The spot vs spill pix;




^^ TL 2, the tree is about 75' away




^^ P60 wins the throw. Plenty of spill.




^^ the Malkoff

The spot pix;




^^TL 2 spot 




^^ TL 2 spot tightened.




^^ P60 is a goody. 
A blinding 65 lumens




^^ the Malkoff has a great blend of spot/spill.

My long distance pic;
A van about 500' away. 
All three beams were so similar I'm only showing one pic..the P60.




^^ before





^^ note the garage and van are somewhat lit.
They are both nice little lights. 
(Take that chillin)




^^ the double sprung element looks very shock resistant
Better pic later...




^^ L to R:
Streamlight Scorpion HL 600
Sure Fire 6P
Streamlight TL 2 shock proof
Klarus P1A
Elzetta Alpha

As you can see the TL 2 is smaller than the 6P. 
Carrying the 6P exudes more confidence. The TL 2 is not a pocket size light, but it certainly is portable. 

Oh, and the TL 2 DOES NOT tail stand. The switch is recessed enough to thwart accidental turn on. But protrudes enough to not tail stand without a lot of help. 

It DOES NOT come with an extra bulb as advertised. The 2 pin can be removed but the P60 module is readily available. The TL 2 module is discontinued and hard to find. Pulling the xenon bulb is tricky at best. 
Instructions say not to use Panasonic batteries, yet they make Streamlight batteries. Weird. 

More impressions later.

Edit: 
It's later;

So the 1" Elzetta lanyard ring is too big for the TL 2. I got out the drill and poked a hole in a dimple of the tail cap. That-a-way no ill effects to the water tightness. 
I pushed in the button and drilled from the inside about half way through and finished from the outside. 4 minutes later a 99¢ lanyard was installed. 




99¢ lanyard installed 

The 6P was drilled vertically about an 1/8th" down, then sideways until holes met, about 1/8" from both edges.




Now both have a 99¢ lanyard

Anti-roll

The 6P original has raised areas. 
The TL has flat spots. The body of the TL 2 is ever-so-slightly larger than the head. 
So the flat spots work...at least as well as the notches on the Elzetta Alpha. Maybe better.




^^ anti-roll methods differ in appearance.
I personally prefer the Streamlight unobtrusive way. 
But on say...a car hood the Sure Fire is better. 

Pocket clip

The TL 2 comes with one mounted. The 6P requires one be purchased.
TL 2 is a bezel up type. Anything that fits the 6P (that I know of) is bezel down. 
I removed the clip from the TL 2.




^^ a Malkoff on a Klarus
It will work fine on a 6P 




^^ the attached TL 2 clip.
It's a bland, uncoated steel that also acts as the supplied adjustable neck length lanyard attachment point. 




^^ clip removed.
A much 'cleaner' look. Note the attachment screw appears to protrude. Yet the flat spot on the opposite side is a better anti-roll area.

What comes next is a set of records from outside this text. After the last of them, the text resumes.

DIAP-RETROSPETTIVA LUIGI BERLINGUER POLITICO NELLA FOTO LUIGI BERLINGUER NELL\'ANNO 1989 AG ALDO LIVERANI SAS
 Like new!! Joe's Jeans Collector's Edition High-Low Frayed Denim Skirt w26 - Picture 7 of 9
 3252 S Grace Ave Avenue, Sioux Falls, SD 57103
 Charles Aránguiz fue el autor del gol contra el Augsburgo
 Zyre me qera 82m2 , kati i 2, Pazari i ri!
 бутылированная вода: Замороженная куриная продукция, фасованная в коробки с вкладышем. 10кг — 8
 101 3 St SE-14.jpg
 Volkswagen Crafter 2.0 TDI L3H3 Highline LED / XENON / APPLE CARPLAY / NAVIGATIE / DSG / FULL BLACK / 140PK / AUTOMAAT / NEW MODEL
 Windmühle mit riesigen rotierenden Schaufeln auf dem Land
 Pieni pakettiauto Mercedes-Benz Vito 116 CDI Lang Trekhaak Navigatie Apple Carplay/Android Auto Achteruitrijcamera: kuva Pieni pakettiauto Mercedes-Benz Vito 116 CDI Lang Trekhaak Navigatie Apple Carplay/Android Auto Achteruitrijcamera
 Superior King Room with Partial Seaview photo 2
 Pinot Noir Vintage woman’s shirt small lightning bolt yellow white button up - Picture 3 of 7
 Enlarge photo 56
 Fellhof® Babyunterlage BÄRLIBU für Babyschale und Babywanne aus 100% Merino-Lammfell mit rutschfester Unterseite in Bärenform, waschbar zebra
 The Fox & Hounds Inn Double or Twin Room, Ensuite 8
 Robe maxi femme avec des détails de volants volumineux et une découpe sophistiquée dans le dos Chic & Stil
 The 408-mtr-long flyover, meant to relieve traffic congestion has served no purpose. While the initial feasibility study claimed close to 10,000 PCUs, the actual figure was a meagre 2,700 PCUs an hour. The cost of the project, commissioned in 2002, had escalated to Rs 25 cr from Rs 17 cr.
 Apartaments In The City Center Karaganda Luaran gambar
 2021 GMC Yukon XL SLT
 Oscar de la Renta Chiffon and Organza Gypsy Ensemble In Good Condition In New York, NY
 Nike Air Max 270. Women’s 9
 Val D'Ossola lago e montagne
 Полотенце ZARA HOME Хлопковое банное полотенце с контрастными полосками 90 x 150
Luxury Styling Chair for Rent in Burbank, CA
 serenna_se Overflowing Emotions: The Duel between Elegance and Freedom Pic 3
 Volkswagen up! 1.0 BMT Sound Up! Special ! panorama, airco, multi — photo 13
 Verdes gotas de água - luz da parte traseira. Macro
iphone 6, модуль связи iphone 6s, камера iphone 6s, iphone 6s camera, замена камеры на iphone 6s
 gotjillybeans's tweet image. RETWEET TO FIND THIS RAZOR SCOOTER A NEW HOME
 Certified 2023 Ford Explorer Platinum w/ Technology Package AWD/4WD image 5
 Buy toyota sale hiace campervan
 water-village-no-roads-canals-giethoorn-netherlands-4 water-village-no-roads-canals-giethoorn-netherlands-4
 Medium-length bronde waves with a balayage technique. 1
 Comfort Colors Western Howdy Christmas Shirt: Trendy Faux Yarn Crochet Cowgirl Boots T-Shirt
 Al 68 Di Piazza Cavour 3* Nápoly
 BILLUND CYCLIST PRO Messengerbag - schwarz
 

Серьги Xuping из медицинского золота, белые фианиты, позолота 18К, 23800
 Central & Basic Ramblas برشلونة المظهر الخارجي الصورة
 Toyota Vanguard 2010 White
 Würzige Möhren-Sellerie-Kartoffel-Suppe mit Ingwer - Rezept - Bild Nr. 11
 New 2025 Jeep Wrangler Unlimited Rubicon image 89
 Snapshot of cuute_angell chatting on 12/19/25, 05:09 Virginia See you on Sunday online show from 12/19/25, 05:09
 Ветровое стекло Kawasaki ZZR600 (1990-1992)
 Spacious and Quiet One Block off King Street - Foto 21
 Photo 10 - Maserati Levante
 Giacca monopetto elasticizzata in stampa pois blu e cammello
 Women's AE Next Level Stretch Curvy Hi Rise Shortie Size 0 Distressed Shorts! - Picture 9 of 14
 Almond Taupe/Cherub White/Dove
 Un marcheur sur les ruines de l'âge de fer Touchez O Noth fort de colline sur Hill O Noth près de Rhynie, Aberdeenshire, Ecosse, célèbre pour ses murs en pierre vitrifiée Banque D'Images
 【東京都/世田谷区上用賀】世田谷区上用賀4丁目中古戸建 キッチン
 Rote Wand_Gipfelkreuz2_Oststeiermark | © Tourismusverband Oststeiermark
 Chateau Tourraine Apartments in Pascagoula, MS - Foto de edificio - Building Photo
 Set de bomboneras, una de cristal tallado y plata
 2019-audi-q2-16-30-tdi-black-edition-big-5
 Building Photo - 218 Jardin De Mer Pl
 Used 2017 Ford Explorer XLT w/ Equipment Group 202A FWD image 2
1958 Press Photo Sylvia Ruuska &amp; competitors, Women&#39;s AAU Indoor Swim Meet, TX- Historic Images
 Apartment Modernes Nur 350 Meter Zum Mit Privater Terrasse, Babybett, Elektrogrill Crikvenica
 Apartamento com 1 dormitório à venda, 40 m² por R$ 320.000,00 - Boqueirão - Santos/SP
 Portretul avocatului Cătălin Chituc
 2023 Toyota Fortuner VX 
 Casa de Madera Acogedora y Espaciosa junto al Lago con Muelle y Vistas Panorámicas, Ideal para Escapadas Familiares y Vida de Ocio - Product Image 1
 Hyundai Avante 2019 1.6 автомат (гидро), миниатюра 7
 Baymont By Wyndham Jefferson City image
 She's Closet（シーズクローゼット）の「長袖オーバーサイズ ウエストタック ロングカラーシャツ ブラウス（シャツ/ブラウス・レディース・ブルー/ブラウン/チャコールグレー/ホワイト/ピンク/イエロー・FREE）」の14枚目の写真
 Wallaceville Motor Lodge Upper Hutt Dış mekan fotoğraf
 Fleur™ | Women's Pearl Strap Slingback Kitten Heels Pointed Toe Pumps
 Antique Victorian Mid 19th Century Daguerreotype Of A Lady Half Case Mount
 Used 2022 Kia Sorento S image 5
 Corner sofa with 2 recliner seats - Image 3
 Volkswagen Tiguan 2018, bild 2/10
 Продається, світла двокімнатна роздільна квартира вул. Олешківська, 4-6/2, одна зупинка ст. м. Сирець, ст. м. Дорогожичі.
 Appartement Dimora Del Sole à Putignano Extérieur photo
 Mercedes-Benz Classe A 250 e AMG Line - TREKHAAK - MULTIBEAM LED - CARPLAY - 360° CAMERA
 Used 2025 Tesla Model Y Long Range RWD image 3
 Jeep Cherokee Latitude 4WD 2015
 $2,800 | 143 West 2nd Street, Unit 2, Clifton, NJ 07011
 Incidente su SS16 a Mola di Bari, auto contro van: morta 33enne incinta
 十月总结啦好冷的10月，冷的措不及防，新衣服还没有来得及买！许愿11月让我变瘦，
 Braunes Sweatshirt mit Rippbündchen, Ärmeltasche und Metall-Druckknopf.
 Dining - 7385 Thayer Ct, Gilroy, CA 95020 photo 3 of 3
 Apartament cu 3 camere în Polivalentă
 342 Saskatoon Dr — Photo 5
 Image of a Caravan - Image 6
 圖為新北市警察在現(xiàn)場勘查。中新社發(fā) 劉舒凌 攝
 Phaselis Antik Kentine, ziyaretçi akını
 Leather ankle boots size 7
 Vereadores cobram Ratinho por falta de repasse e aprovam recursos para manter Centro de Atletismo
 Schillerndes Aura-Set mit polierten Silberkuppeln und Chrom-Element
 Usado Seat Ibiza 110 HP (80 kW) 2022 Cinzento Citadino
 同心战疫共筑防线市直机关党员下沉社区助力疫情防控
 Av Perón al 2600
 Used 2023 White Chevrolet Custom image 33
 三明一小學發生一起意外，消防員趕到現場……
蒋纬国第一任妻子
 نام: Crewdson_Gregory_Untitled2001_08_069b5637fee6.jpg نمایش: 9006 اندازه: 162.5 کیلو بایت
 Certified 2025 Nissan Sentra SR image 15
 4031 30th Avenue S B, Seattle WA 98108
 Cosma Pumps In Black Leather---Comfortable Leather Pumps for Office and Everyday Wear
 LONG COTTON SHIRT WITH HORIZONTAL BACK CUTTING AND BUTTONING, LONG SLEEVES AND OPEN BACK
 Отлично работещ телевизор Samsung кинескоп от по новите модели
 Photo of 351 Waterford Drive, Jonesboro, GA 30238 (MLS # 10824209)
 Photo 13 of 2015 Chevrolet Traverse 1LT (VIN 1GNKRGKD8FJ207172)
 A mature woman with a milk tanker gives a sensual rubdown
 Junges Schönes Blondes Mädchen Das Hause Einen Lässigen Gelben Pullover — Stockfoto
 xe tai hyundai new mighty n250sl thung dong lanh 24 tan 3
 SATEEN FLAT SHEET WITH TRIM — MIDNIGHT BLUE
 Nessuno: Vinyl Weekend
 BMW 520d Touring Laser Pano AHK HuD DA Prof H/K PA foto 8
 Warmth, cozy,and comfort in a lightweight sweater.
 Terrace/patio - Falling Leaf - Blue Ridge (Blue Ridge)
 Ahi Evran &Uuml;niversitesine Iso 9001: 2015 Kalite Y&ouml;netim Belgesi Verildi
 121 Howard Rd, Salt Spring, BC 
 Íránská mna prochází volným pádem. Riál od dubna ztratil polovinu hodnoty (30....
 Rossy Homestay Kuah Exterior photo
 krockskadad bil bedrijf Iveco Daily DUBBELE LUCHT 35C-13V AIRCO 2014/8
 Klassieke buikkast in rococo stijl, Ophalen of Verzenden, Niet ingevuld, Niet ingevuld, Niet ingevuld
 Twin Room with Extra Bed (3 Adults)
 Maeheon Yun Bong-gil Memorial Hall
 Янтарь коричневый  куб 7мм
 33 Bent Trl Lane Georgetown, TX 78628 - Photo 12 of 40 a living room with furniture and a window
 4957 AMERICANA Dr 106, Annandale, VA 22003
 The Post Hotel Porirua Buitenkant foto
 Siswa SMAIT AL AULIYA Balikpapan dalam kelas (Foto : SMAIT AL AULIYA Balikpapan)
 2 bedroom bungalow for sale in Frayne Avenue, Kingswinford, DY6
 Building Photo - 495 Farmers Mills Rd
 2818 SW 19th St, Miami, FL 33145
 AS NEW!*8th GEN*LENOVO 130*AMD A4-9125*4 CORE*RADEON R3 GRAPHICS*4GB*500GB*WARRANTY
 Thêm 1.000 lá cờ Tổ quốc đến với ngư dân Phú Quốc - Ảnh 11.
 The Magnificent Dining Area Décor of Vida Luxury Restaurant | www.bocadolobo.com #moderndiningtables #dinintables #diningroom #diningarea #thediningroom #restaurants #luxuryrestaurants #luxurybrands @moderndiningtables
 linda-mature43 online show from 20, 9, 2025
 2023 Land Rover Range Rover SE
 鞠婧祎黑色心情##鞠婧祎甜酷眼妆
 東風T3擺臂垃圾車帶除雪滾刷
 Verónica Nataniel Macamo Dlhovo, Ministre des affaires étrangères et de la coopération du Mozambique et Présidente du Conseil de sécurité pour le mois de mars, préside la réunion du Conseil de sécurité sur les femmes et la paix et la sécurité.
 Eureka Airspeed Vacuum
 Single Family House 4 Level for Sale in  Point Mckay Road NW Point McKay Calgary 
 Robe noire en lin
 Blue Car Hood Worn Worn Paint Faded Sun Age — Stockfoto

I read at an AR15 site that the TerraLUX LED kit for the Strion works on the TL 2. No details on whether it works on the shock proof. But I ordered one anyway. 
$12, so wut-the-heck, right?





If it works I'll do a "converted" 6P vs TL 2 post later.


----------



## RobertMM (Nov 7, 2015)

Nice thread, Bykfixer.

Playing around with my P60 lamps, I noticed a long time ago that the beam characteristics vary as well, which was bound to happen as they are "focused" at the factory and fixed in place with some kind of epoxy.
I have one that has an almost LED+orange peel like beam, very smooth and round medium hotspot with smooth spill.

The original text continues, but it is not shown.